Gregory — a sophomore who finished with 9.5 sacks, 17 tackles for loss and 17 quarterback hurries — got better as the season wore on, and he wore out opposing offenses. Gregory was the face of a young defense that struggled through the first half of the schedule before finding its sea legs in the Big Ten.

The turning point: a sideline meeting early in the Northwestern game, when coaches agreed to scrap their game plan for an attacking scheme that young players felt more comfortable executing. From then on, NU gained momentum, finishing the regular season as the nation's No. 34 total defense. The defense bowed up in critical junctures against Northwestern, Michigan and Penn State to help an ailing offense make enough plays for crucial wins. And Gregory? He kept running down quarterbacks.

5. Dashing through the defense

The straw that stirred Nebraska's drink on offense, running back Ameer Abdullah, made his biggest statement in NU's first Big Ten game, a 39-19 win over Illinois. A 43-yard, weaving run through the Illini defense, punctuated by a dive at the goal line, showed off all of Abdullah's skills: patience, elusiveness, toughness, acceleration. In a long, trying year for the Husker O, Abdullah shined.

With one game left, he has 1,568 rushing yards — best in the Big Ten and the fifth-best season in NU history. He was All-Big Ten and a third-team All-American. The Huskers don't get a Hail Mary win over Northwestern if Abdullah doesn't dodge three tackles on fourth-and-15. And teammates raved about his leadership skills, voting him captain after the season and awarding him with Lifter of the Year for the second straight year.

When Abdullah arrived in Lincoln, he was the least-heralded of three highly recruited running backs. But he was the hungriest. In 2013, Abdullah dined like a Big Ten rushing king.

“He's an All-American on the field, he's an All-American off the field,” Pelini said of Abdullah.

6. Another fumble!

Early in the third quarter of its season-defining game against Michigan State, Nebraska was backed up at its own 1. Quarterback Tommy Armstrong didn't quite get the snap from center Mark Pelini, and pulling guard Cole Pensick seemed to hit the ball with his knee, which sent it bouncing up the field, where a Spartan recovered it. MSU tacked on a quick touchdown. NU's chances of winning the Big Ten title slipped away.

Turnovers have plagued the Huskers since before Bo Pelini even returned to Lincoln. Never did they seem to hurt NU more this season than against Michigan State, which converted five turnovers into a 41-28 win. Though NU appeared to have figured out MSU's vaunted defense, it couldn't hold on to the ball. And it didn't quite have the firepower to overcome all of the mistakes. Few teams would.

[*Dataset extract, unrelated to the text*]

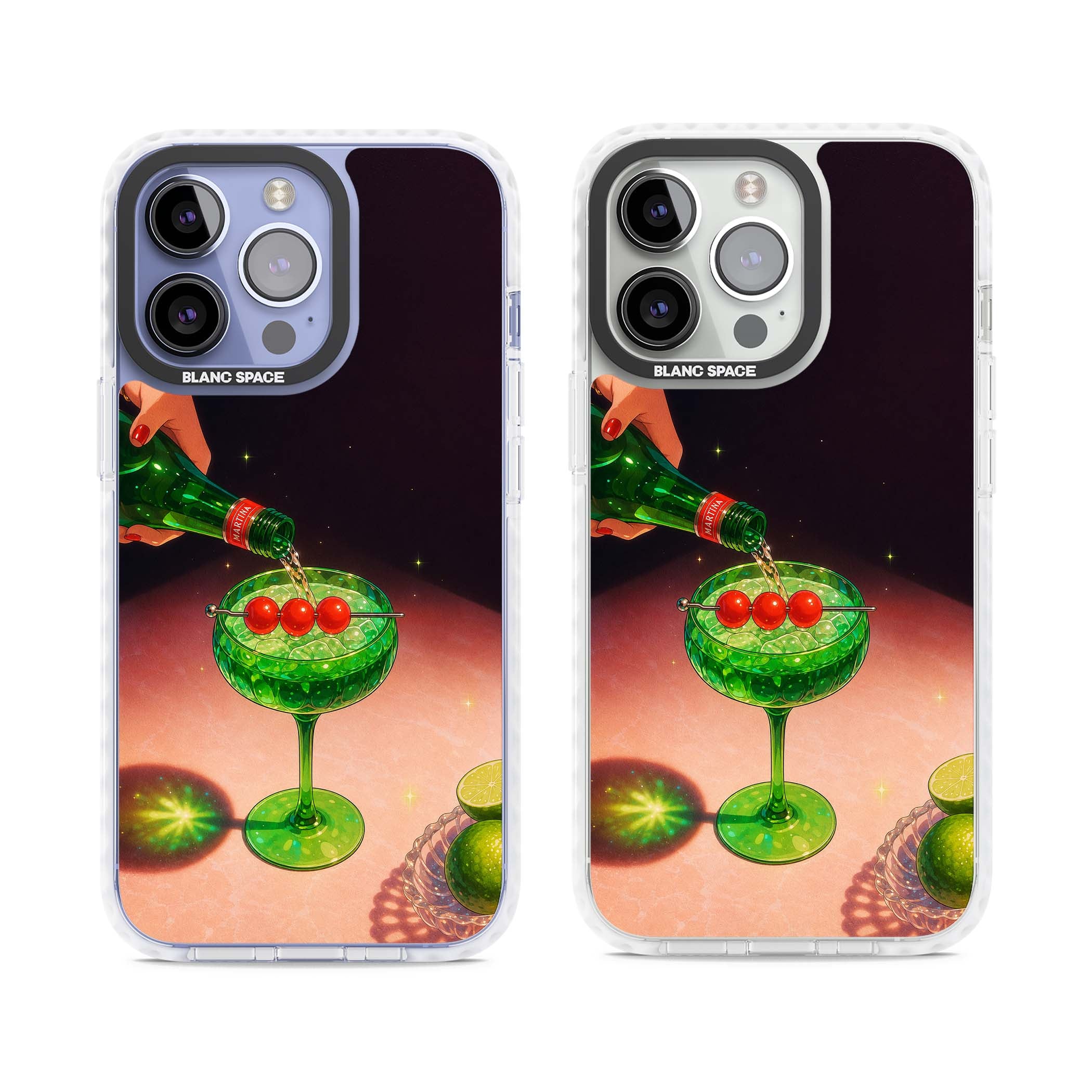 Absinthe Hour cocktail iPhone case featuring a green coupe glass, cherry garnish and vintage bottle pour illustration | Clear Impact case for iPhone 13 Pro, iPhone 14 Pro, iPhone 15 Pro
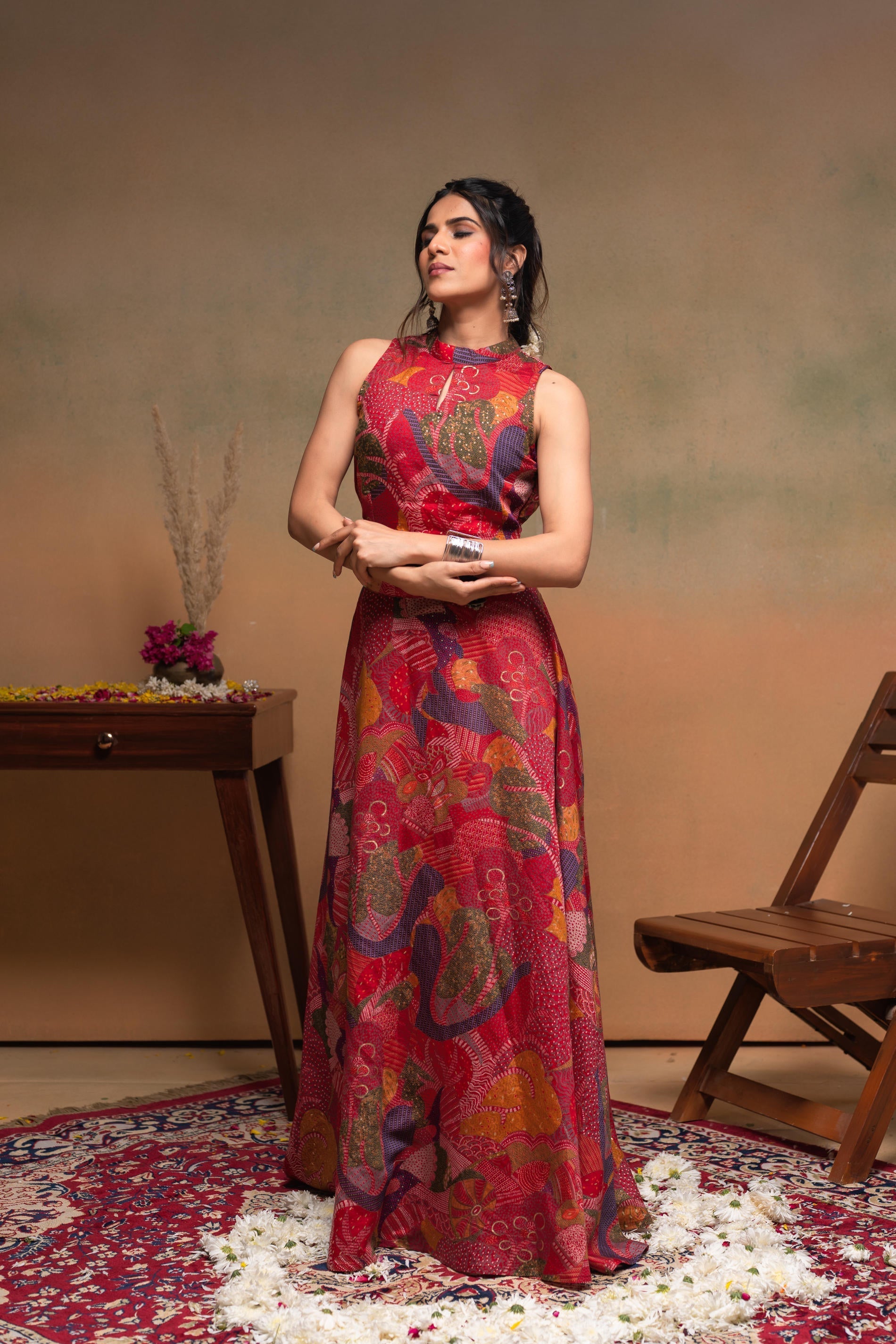 Women's Red Ethnic Motifs Co-ord Set with Turtle Neck Top & Flared Ski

For the year, Nebraska finished minus-12 in turnover margin — 120th nationally and last in the Big Ten. Husker turnovers set up Big Ten opponents for short fields repeatedly. Though the defense occasionally held, it couldn't repeatedly keep teams like MSU and Iowa out of the end zone. Ball security appears to be a top priority heading into next year — again.

7. The first bad returns

Nebraska would suffer greater consequences during the season from its poor punt return unit. But the opening game against Wyoming underlined the problem.

The Cowboys' freshman punter, Ethan Wood, had never attempted a punt in high school, much less college, and he averaged 52 yards per punt that night, mostly because NU let him run around and uncork rugby kicks that rolled unabated until gravity stopped them. Jamal Turner was the Huskers' punt returner that night. NU would shuffle through a few more.

Eventually, the fumbles came. Jordan Westerkamp fumbled one against Michigan State that became a Spartan touchdown. And fumbles produced other foibles, such as Westerkamp fielding a ball at his own 2 in the Iowa game. For the year, NU averaged 3 yards per return, 123rd in the country.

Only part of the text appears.